Transmembrane channel proteins are highly regulated; in particular, oligomerization is a key event in the modulation of the biological activity of these proteins. All aquaporins (AQP) present a tetrameric structure, where each monomer has a single active pore and most of them assemble as homo-tetramers. In the last years, PIP1 and PIP2 plant AQP paralogues have been intensively studied due to their ability to hetero-oligomerize with variable isoform stoichiometry.
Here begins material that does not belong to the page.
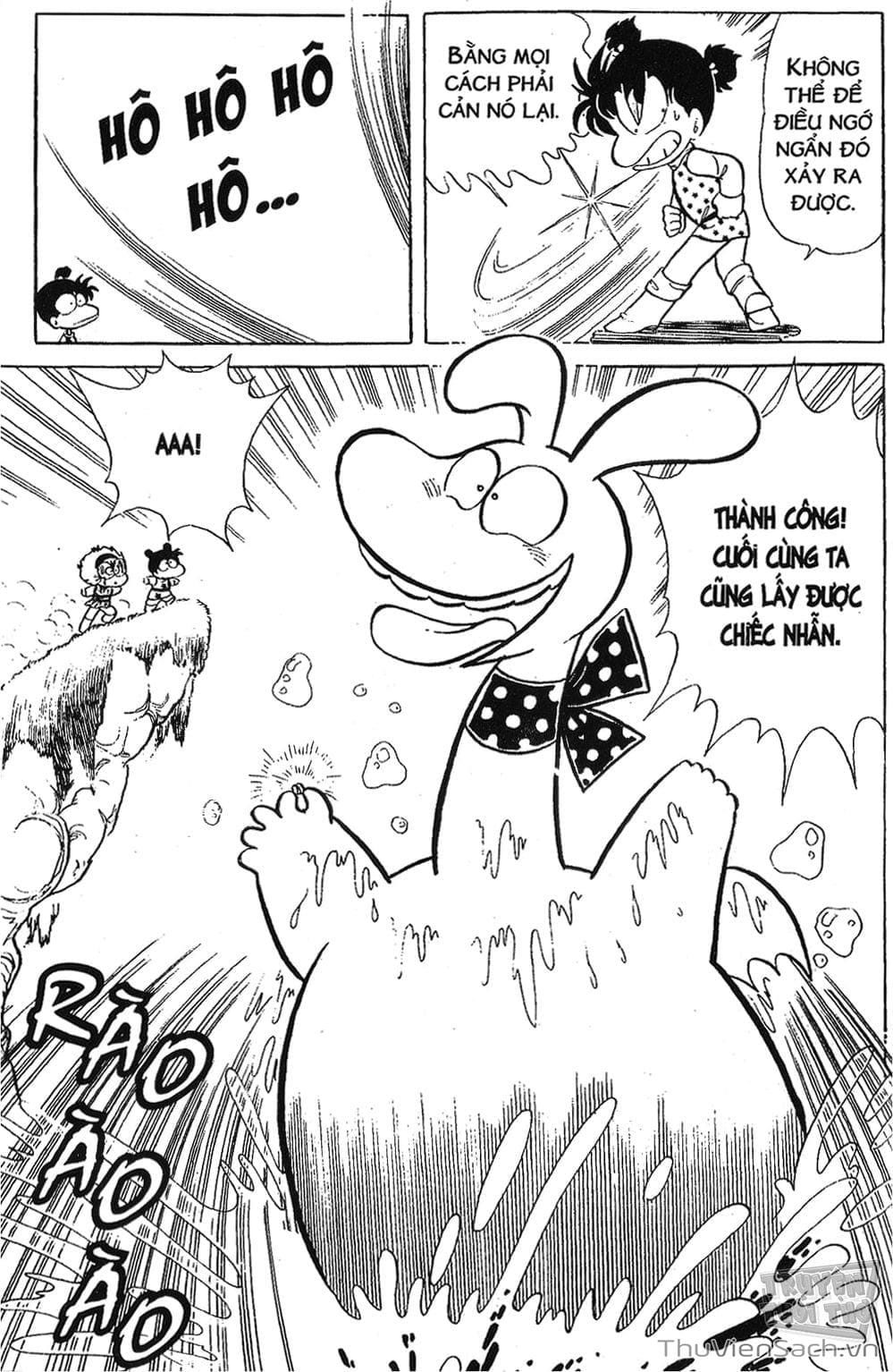 Truyện Tranh Asari Cô Bé Tinh Nghịch trang 2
Most PIP1-PIP2 pairs studied until now, show that the physical interaction between both paralogues renders an increase in water transport of the whole tetramer and a shifting in pH gating. In this work, we described for the first time to our knowledge, that the interaction of a specific pair of PIP1 and PIP2 (from Medicago truncatula) can lead to a hetero-tetramer with lower permeability than the PIP2 homo-tetramer, suggesting a novel type of monomer-monomer interaction that promote a decrease in the water transport. We assayed the biophysical properties of different MtPIP channels by means of two alternative heterologous expression systems, Xenopus laevis oocytes and Saccharomyces cerevisiae and we find that the interaction of specific pairs of MtPIP1 and MtPIP2 give rise to hetero-tetramers presenting lower water transport than MtPIP2 expressed alone in a consistent way for both expression systems. These new findings open the possibility of a more complex regulation among PIP paralogues where different regulatory pathways can be established: LTA (low transport assemblies) and HTA (high transport assemblies). These types of arrangements tune plasma membrane water permeability depending on the hetero-tetramer formed. We are confident that these kind of biophysical studies on intersubunit protein interactions are useful to shed light on how quaternary structures endow AQP hetero-oligomeric channels with specific biological properties depending on the isoform composition.